[SUPPLIED MATERIAL]

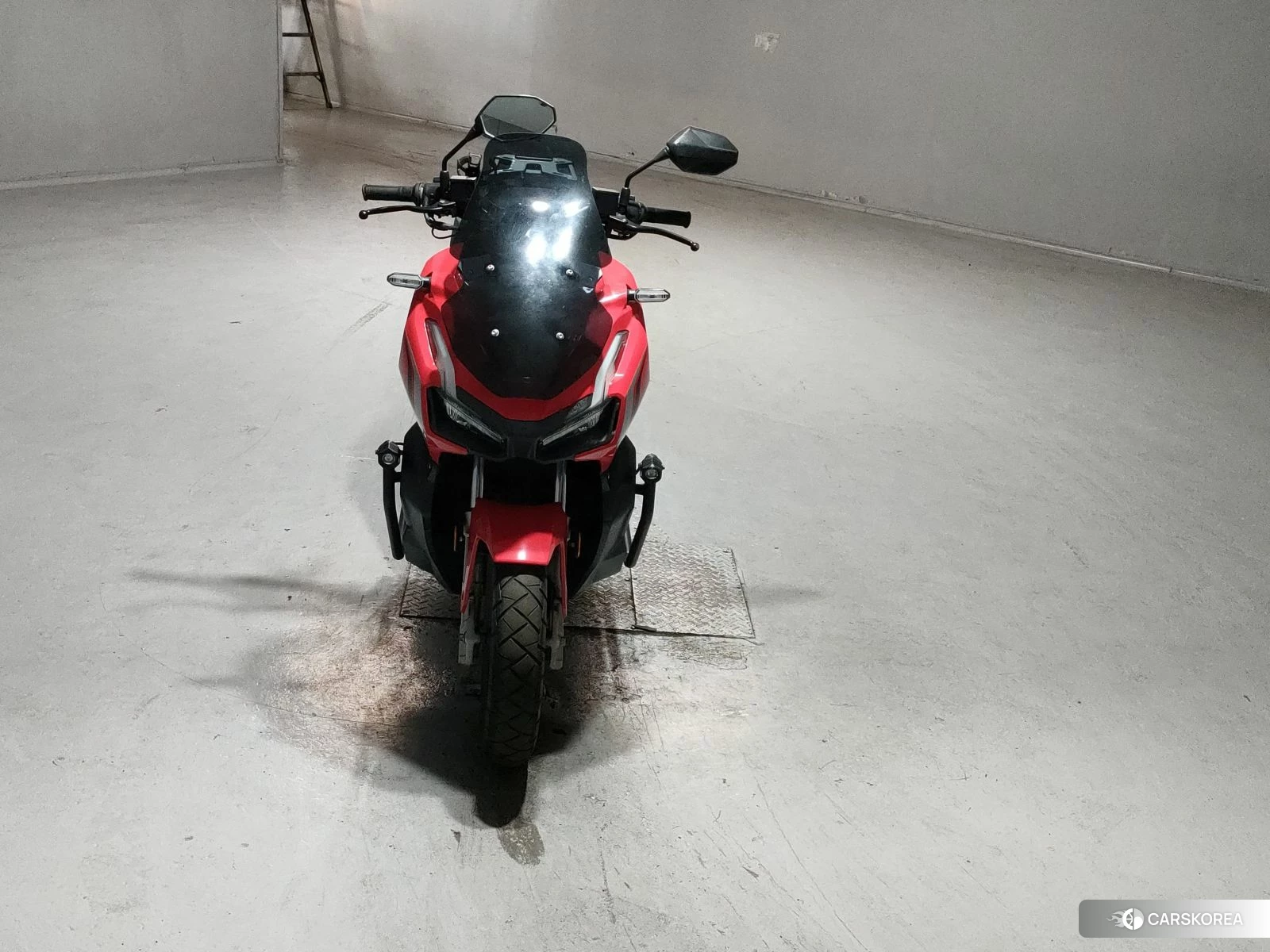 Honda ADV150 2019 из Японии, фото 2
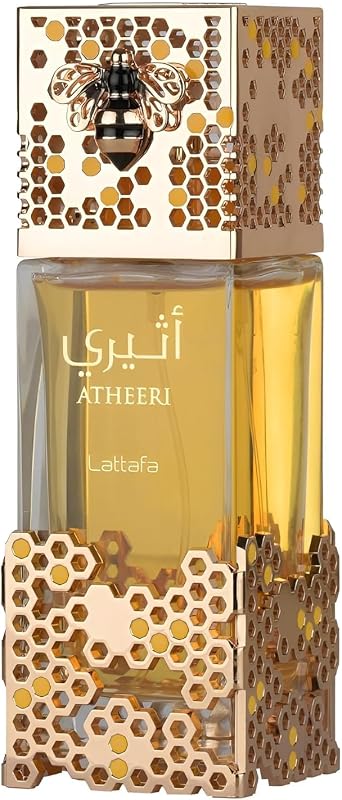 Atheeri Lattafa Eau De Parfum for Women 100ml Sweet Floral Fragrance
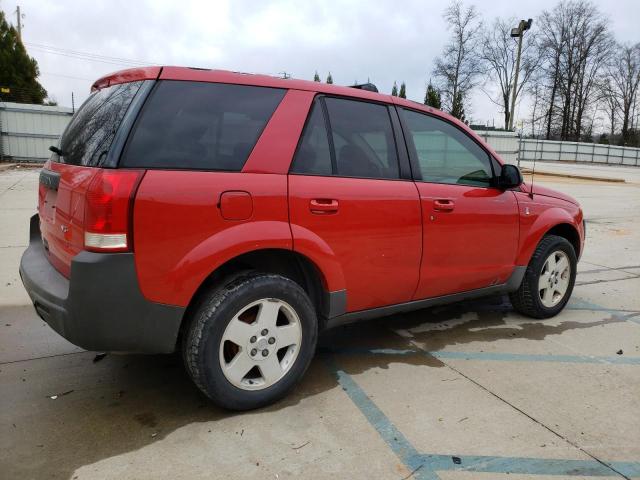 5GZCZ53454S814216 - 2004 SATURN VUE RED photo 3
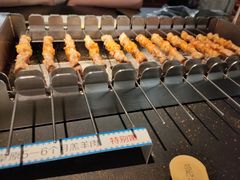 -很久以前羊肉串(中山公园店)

---

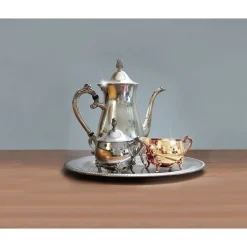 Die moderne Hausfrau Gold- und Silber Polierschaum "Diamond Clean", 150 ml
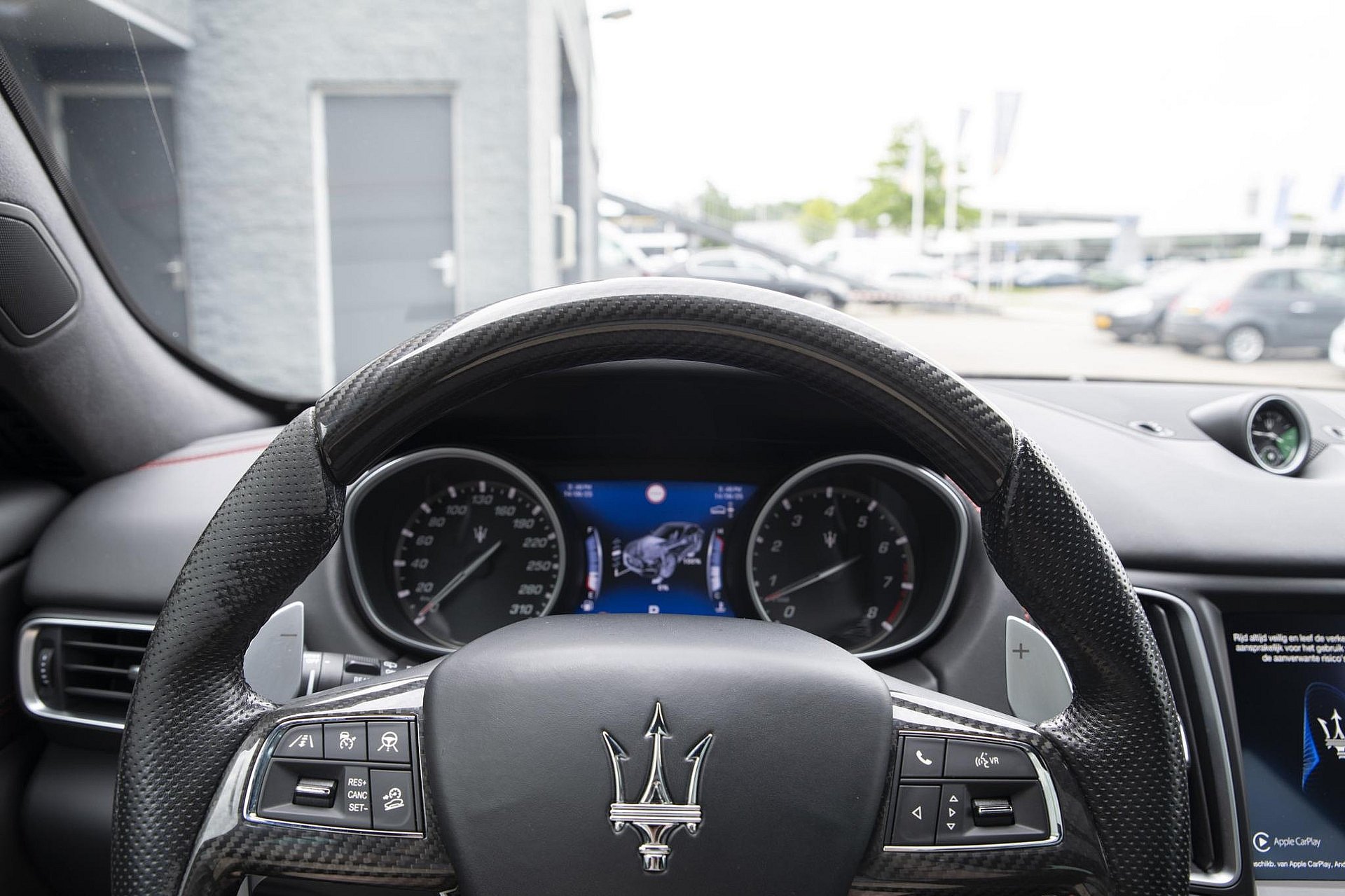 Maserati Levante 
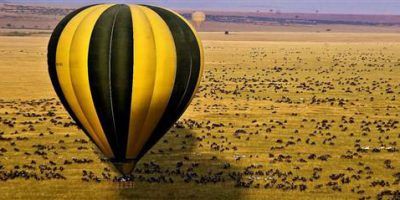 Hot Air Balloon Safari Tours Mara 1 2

* * *

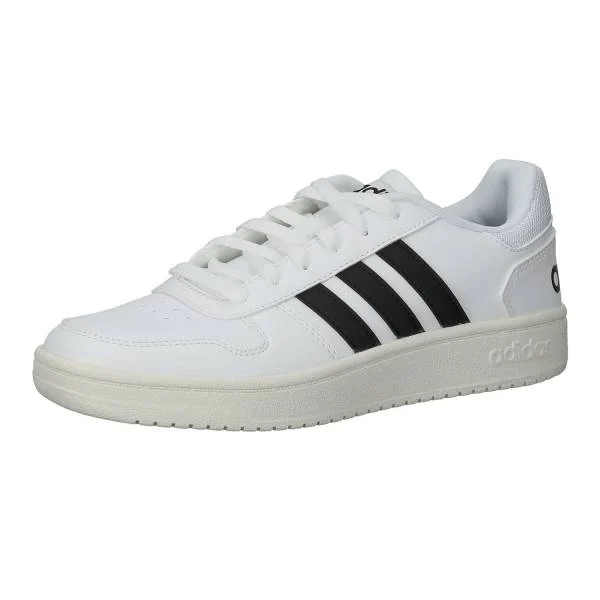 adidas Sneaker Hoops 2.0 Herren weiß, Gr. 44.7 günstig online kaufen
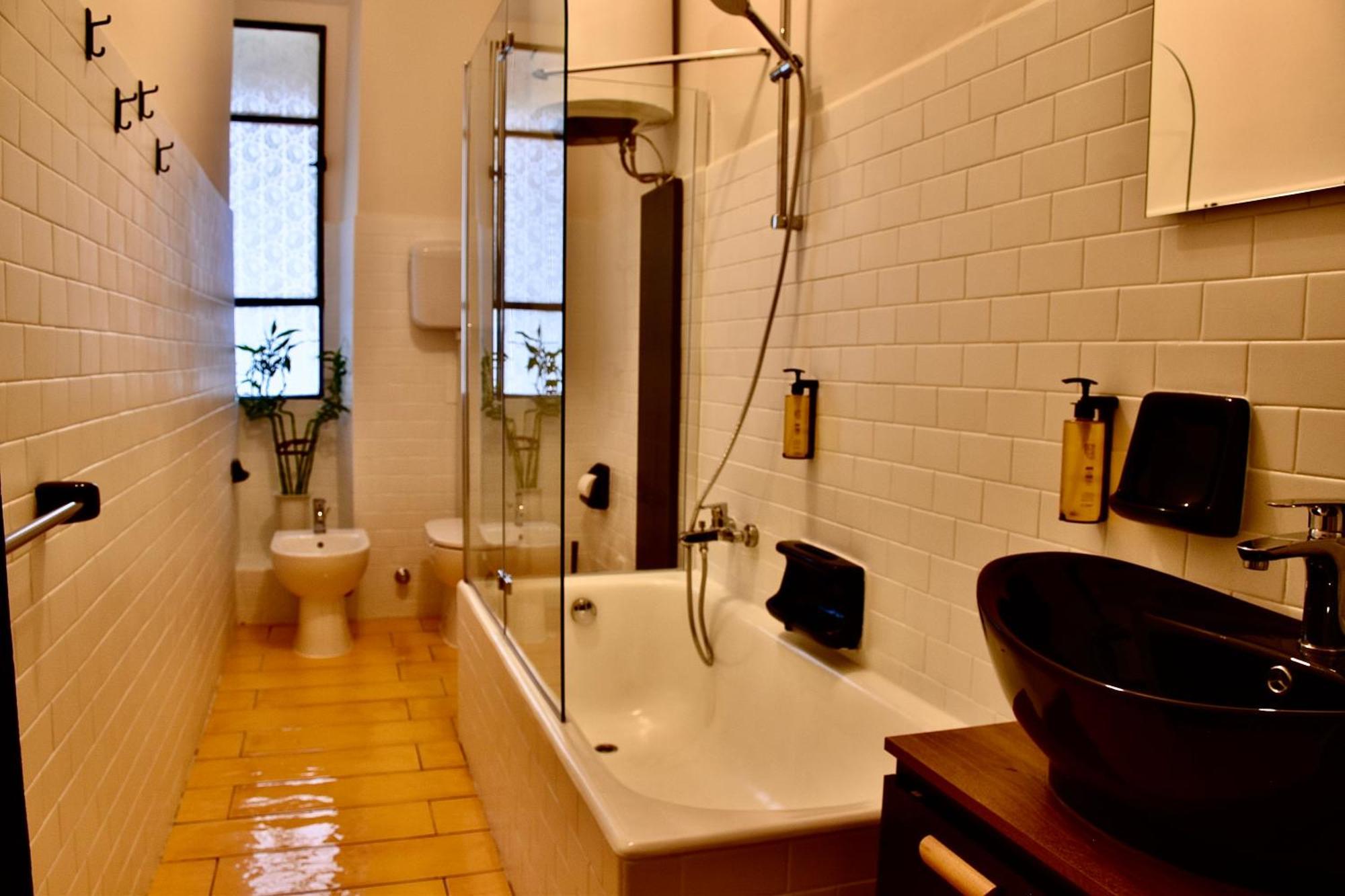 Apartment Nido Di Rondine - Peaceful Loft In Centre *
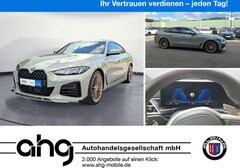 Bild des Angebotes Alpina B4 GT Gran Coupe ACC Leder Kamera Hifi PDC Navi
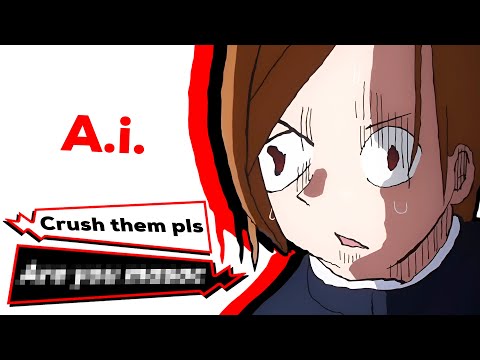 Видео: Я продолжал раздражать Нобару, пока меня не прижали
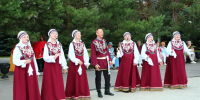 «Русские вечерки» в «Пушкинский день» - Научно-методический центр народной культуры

[DIRECTIONS]
Starting at the line with "Honda ADV150 2019 из Японии, фото 2" and finishing at the line with "-很久以前羊肉串(中山公园店)", copy the material above exactly, both lines included. Nothing else goes in, and no pictures.

[REPLY TO THE EXERCISE]
 Honda ADV150 2019 из Японии, фото 2
 Atheeri Lattafa Eau De Parfum for Women 100ml Sweet Floral Fragrance
 5GZCZ53454S814216 - 2004 SATURN VUE RED photo 3
 -很久以前羊肉串(中山公园店)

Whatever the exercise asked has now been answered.